Having significant familial ties to Auburn thru my two daughters (War Eagle), we look forward to the Monday podcast of SEC Shorts, an absolutely creative parody site that is so good, one even has to laugh as how steadily they skewered your own favorite school.

I share with you their most recent production, which will strike responsive chords on this forum.

SEC Shorts - The past learns what happens to college football in the future

https://www.youtube.com/watch?v=jYoloKX9VRc

Enjoy!


lefty2

Quote from: Ron Boerger on July 22, 2025, 07:42:55 PM
Quote from: IC798891 on July 22, 2025, 04:59:46 PMThe thing I can't quite wrap my head around is, what "going all in" on athletics looks like. Albright's already got a robust athletics program, in terms of what they offer. They're adding men's wrestling (which seems like it makes women's wrestling the obvious next move) and women's stunt. But they've already got 19 teams. They don't have swimming, and from a cursory glance on the web, it doesn't look like they have required existing facilities needed to add it.

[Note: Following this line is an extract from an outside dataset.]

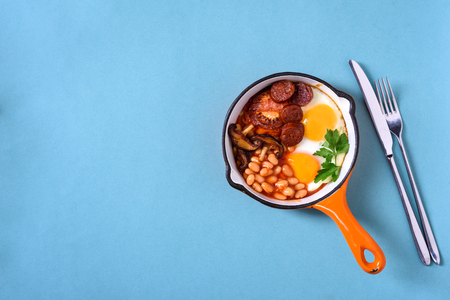 Traditional English Breakfast Food on the table eggs ,sausages, beans, View above, flat layの写真素材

So, is the plan to just try and attract more athletes to the sports you're struggling to do so already? (The track teams strike me as very small)
According to the DoE's Equity in Athletics site, Albright had 1,215 FTE in the last year for which data was available (2023?), of which there were 324 male and 145 female athletes after duplicates were removed - nearly 40% of enrollment are athletes.  Lightly endowed schools that get much higher than that don't have much success in the long run.

And if I'd only *read the freaking article* I would have seen that they gained $13.8M in one-time revenue and nearly $4M in donations, so absent that they would have lost around $8M last year.  That would be an improvement over the '23-'24 year when they lost $22.7M and the '22-'23 year when they lost $27.8M, but at the end of '23-'24 they had $155M in liabilities and $224M in assets, liabilities having increased by nearly $50M in that one year.  The school listed $53M in endowments at the end of the year, but also $76+M in "lease liabililties", the increase in which accounted for most of the increase in liabilities over the prior year.

Albright dropped swimming a year ago.  They were dominant in the MAC on the women's side in the 2000s and on the men's side in the 2010s.
The person who says something can't be done shouldn't stand in the way of the one who's doing it.